● Task brief
With the pictures left out, reproduce exactly the lines running from the line with "AJÁNDÉK VÁSÁRLÁSHOZ - Éld" to the last line of the material below.

(Beginning of Source material)

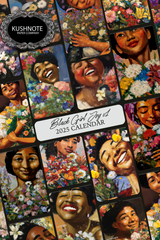 2025 *Black Girl Joy V1 * Wall Calendar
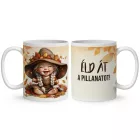 AJÁNDÉK VÁSÁRLÁSHOZ - Éld át a pillanatot - Őszi manó lány mintás bögre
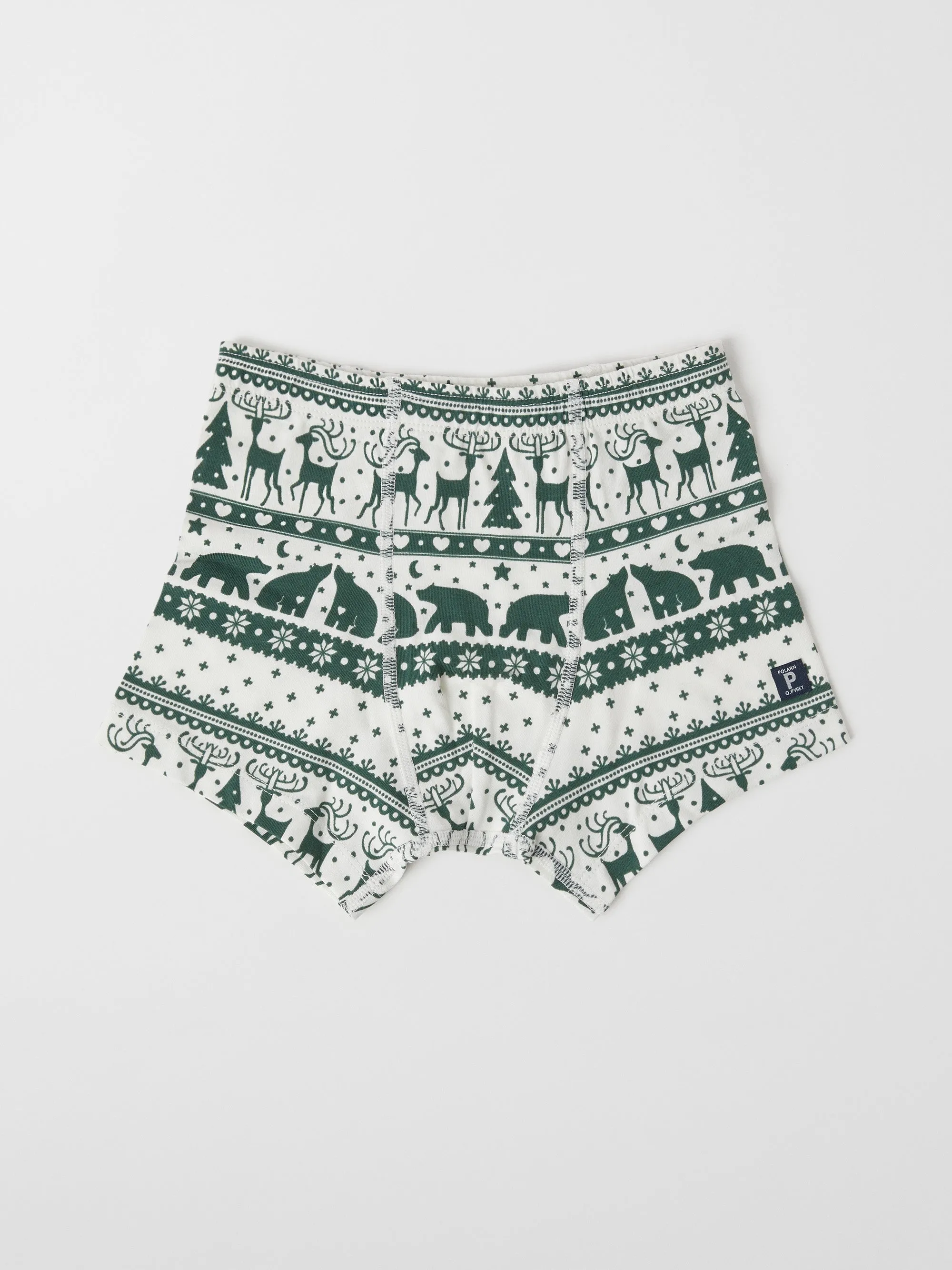 Nordic Reindeer Boys Boxers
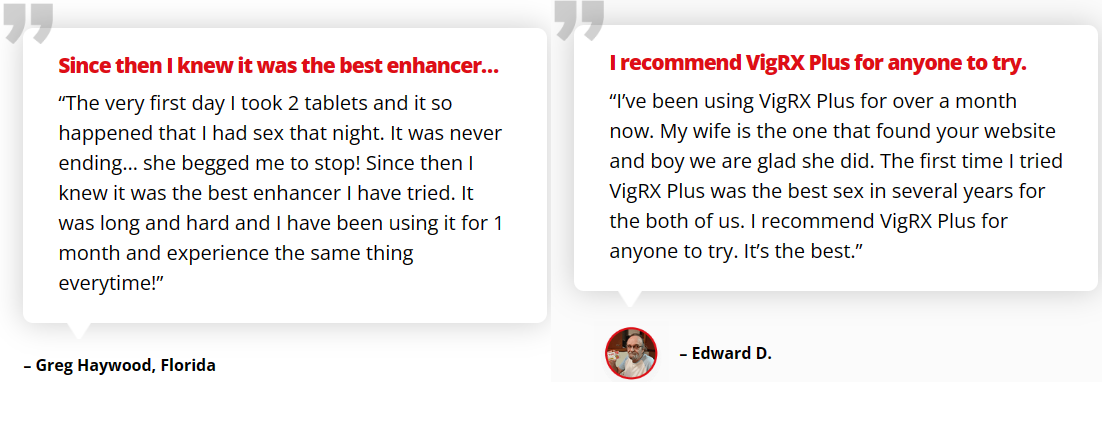 VigRX Plus Customer Reviews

(End of Source material)

● Final answer
 AJÁNDÉK VÁSÁRLÁSHOZ - Éld át a pillanatot - Őszi manó lány mintás bögre
 Nordic Reindeer Boys Boxers
 VigRX Plus Customer Reviews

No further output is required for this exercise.